Okay, hiking. Lots of hiking. Holidays and weekends away were planned around good hiking spots. Hiking is almost spiritual, in a way. It has a way of making you feel powerful and humble at the same time. There is something quite primitive, I think, in making your way up a steep mountain path, sometimes for hours, and emerging from the shadows into the sun to stand on top of a mountain peak and look across at the world below. Like scuba diving, hiking opened up a whole new world. With scuba diving and hiking both, it was always the tiny things that I loved most – under the sea it was the nudibranchs and anemonies, on the mountains it was the tiny flowers and insects, and the way the dewdrops clung to cobwebs. Less hiking happened once baby number two came along. She was a bit disagreeable when stuck in a backpack and would try to climb out, toppling the backpack and causing all sorts of upset.
River rafting! Now there’s a thing! Wow! I loved river rafting. I’ve paddled down the Orange River, the Berg River and the wild and crazy Doring River. And, when I travelled to Peru, I had the pleasure of paddling a piece of the great Urubamba. Now there is something I would really, really like to do: paddle the rivers of the world. Just me, a little plastic boat and a paddle. One day. Maybe.
I did some sea kayaking as well. It was something I thought the Significant Other and I could do together. It didn’t work out so well. He doesn’t much care for being on the water. In fact, it makes him grumpier than usual. And so the kayaks lay forlornly next to the house for a few years until, eventually and with a sad heart, I sold them to someone who promised to put them to better use. It was either that, or plant flowers in them, because they were never going to see the sea again. And it wasn’t as if I could go paddling without the Significant Other, as the boats were too heavy for me to handle on my own. So that was that.
I gave paragliding a go, and bungee jumping too. And those were pretty fun. And scary.
So … that’s quite a lot of stuff, I think. There’s probably more but I can’t think of any right now.
And of all of that stuff, running is the hardest. Of all that stuff, running is the one thing that I have to talk myself into doing. I sit on the edge of my bed and stare at my shoes, trying to intimidate them as much as they intimidate me.
You never know how the next run is going to feel. You could feel on top of the world, flying like a gazelle.

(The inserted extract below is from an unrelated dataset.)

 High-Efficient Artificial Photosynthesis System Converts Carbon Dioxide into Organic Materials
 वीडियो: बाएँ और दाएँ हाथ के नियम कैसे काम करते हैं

But you could just as easily get outside and find that someone has pumped cement into your legs.
Running makes you work. Running brings you down a peg or two. Running shows you who you are – and you might not always like what you see. You are defined by running as much as who you are defines your running.
But, maybe because running makes you work so hard, nothing makes you feel as good as running does. It must be what the old prospectors felt like when they eventually found a diamond after days, weeks and months of scratching in the dirt. Running in the rain, running during a storm, running at sunrise or at sunset, running along the road, along the beach or on a mountain trail … each run can be as exhilarating as the other. Each run can as easily bring you closer to your higher self as it can shove you face to face with your demons.

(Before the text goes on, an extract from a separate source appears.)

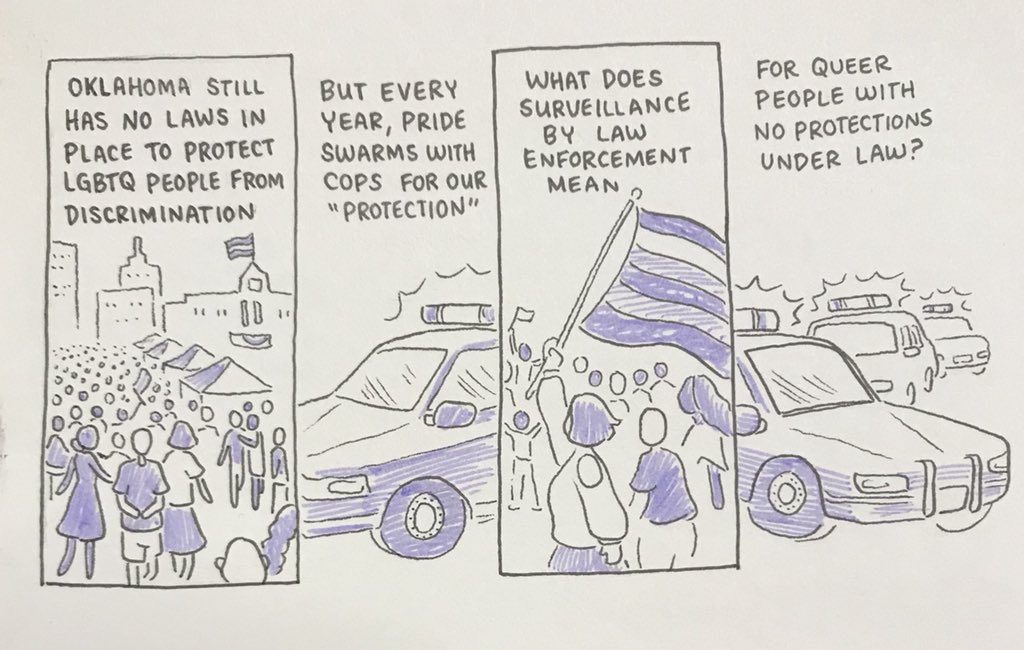A 4 panel comic.  Text: Oklahoma still has no laws in place to protect LGBTQ people from discrimination.  But every year, Pride swarms with cops for our “protection”.  What does surveillance by law enforcement mean for queer people with no protections under law?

And this morning I put on a dress that I used to wear twenty years ago. And it fits like it did twenty years ago. It didn’t fit that well over the last ten years or so. But then, I hadn’t been running over the last ten years or so.
And so I have this to say about the pleasures of running: if ever you thought running could make you feel good, try on a dress that you last wore in the early days of dating your Significant Other. Gosh, suddenly I do so very much love running!